China’s trucking shipments market was worth 5.3 trillion yuan in 2020, with only 4% conducted through online platforms, according to data from China Insights Consultancy (CIC), which forecast that online penetration will reach 18% by 2025. FTA is the largest digital freight platform in China with GTV topping 173.8 billion yuan in 2020. By the end of the year, about 2.8 million truckers had used its platforms to fulfill shipping orders, or about a fifth of the country’s heavy- and medium-duty truck drivers.

But FTA’s leading market position by GTV hasn’t translated to the same position in revenue terms. In those terms, FTA’s largest rival ForU, which also filed a prospectus to list in the U.S. in May, is the industry’s largest player, according to CIC. Unlike FTA, ForU’s shares have yet to make a trading debut and its IPO appears to be in a state of suspension following its latest filing on June 2. 

FTA’s revenues of 2.58 billion yuan for 2020 were well below the 3.5 billion yuan reported by ForU for the same year.

The difference stems from the two companies’ different business models. FTA is essentially a software company that matches truckers with goods shippers, and derives most of its revenue from fees it collects for that service. By comparison, ForU is a more active middleman that gets most of its revenue by pocketing the difference in fees paid to truckers and money it collects from companies that need goods shipped.

That means ForU may be more aptly called “China’s Uber for freight,” even though international media have given that title to FTA.

Many believe ForU’s model is healthier for long-term success. That’s because such a model typically requires operators to stringently track orders on their platforms to ensure their own profitability. By acting as the direct interface for parties on both sides of each shipping transaction, it also reduces the chance of conflicts between drivers and shippers. The downside is that such a model has higher costs, including costs related to technology and a stricter system for vetting drivers.

FTA has also slowly started to adopt a model more similar to ForU’s. Last August it rolled out a pilot project to collect commissions from truckers on selected types of shipping orders in the cities of Hangzhou, Huzhou and Shaoxing. Such commissions are still just a tiny fraction of its business, accounting for only 1.7% of its total revenue in 2020. 

FTA is still operating in the red, posting a net loss of 3.6 billion yuan in 2020. The red ink slowed sharply in the first quarter of this year, when the company posted a net loss of 197 million yuan on revenue of 867 million yuan. ForU is also losing money.

In valuation terms, FTA currently trades at a relatively high price-to-sales (P/S) ratio when compared with traditional logistics companies.
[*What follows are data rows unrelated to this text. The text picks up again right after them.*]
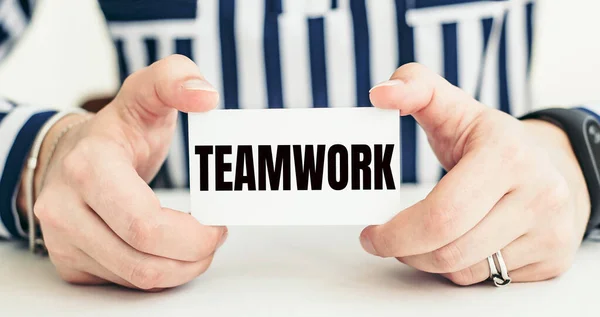 Teamwork Woman Holding Card Message Text Written — Stock Photo, Image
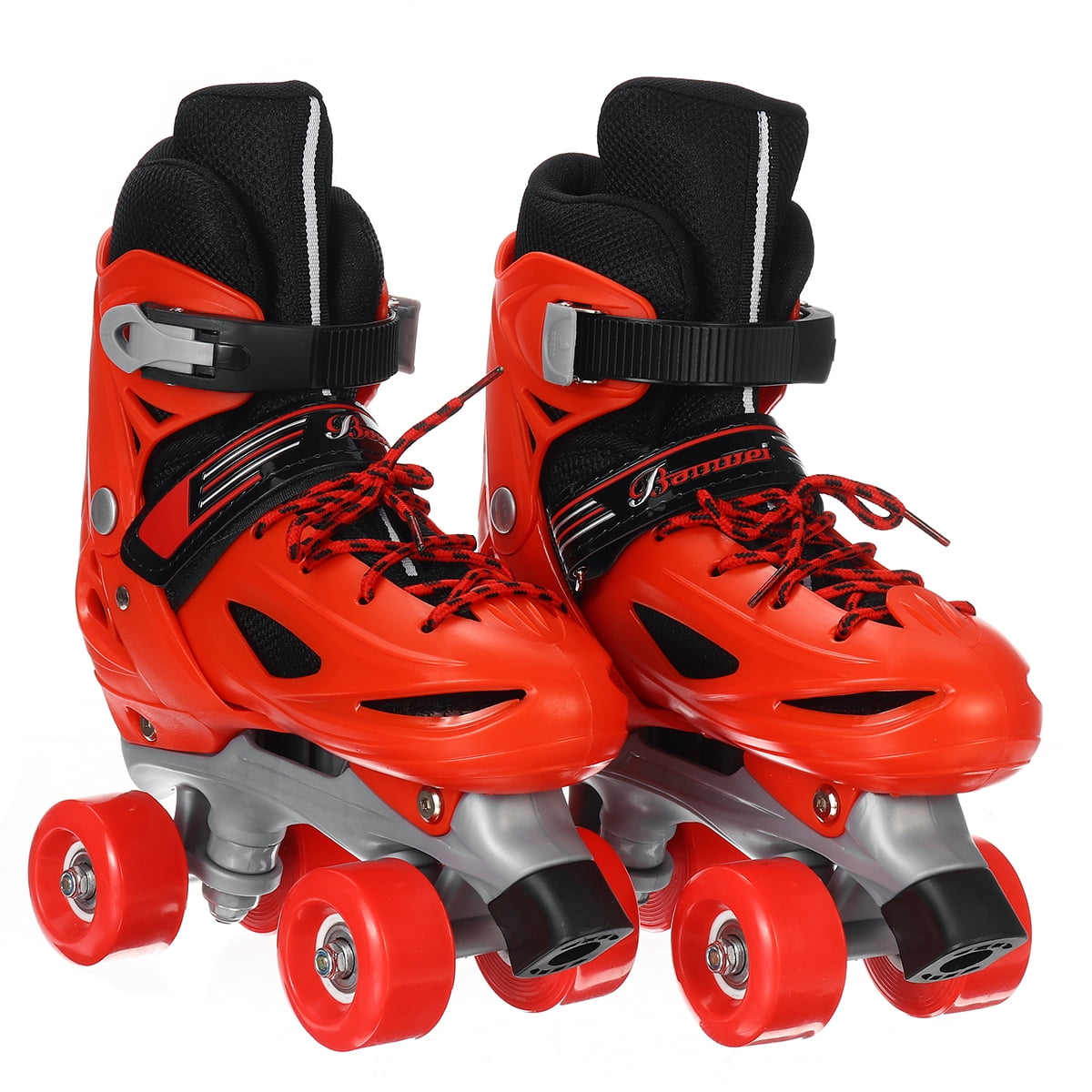 Adjustable Kids Girls Boys Rink Skates 4 Wheels Quad Roller Skates Skating Shoes 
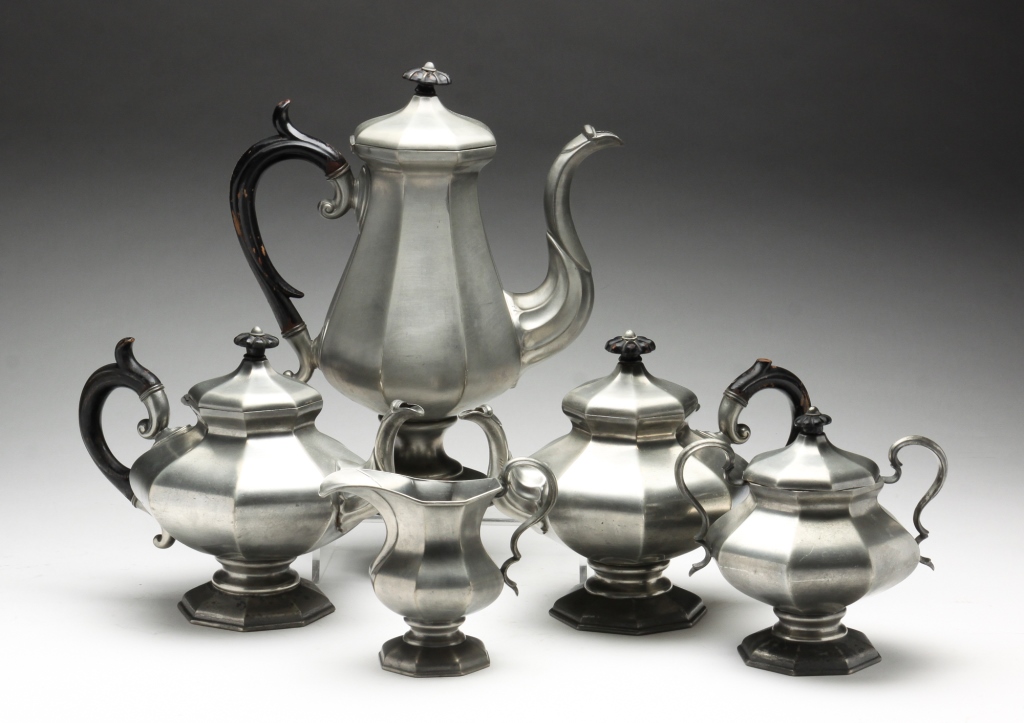 Appraisal: FIVE PIECE PEWTER TEA AND COFFEE BY DIXON England mid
Based on its 2020 sales and a market value of $12.7 billion, FTA’s current P/S stands at 32. JD Logistics, affiliated with the Chinese e-commerce giant, trades at a P/S of just about 2, while Yunda Express, one of China’s largest private logistics firms with a focus on ecommerce, trades at an even lower P/S of 1.2.

But again, we should note such multiples may be less relevant here, since FTA only collects modest middleman fees without providing any actual shipping services. By comparison the others collect significantly higher fees for providing actual shipping services, but also incur significantly higher costs related to those services.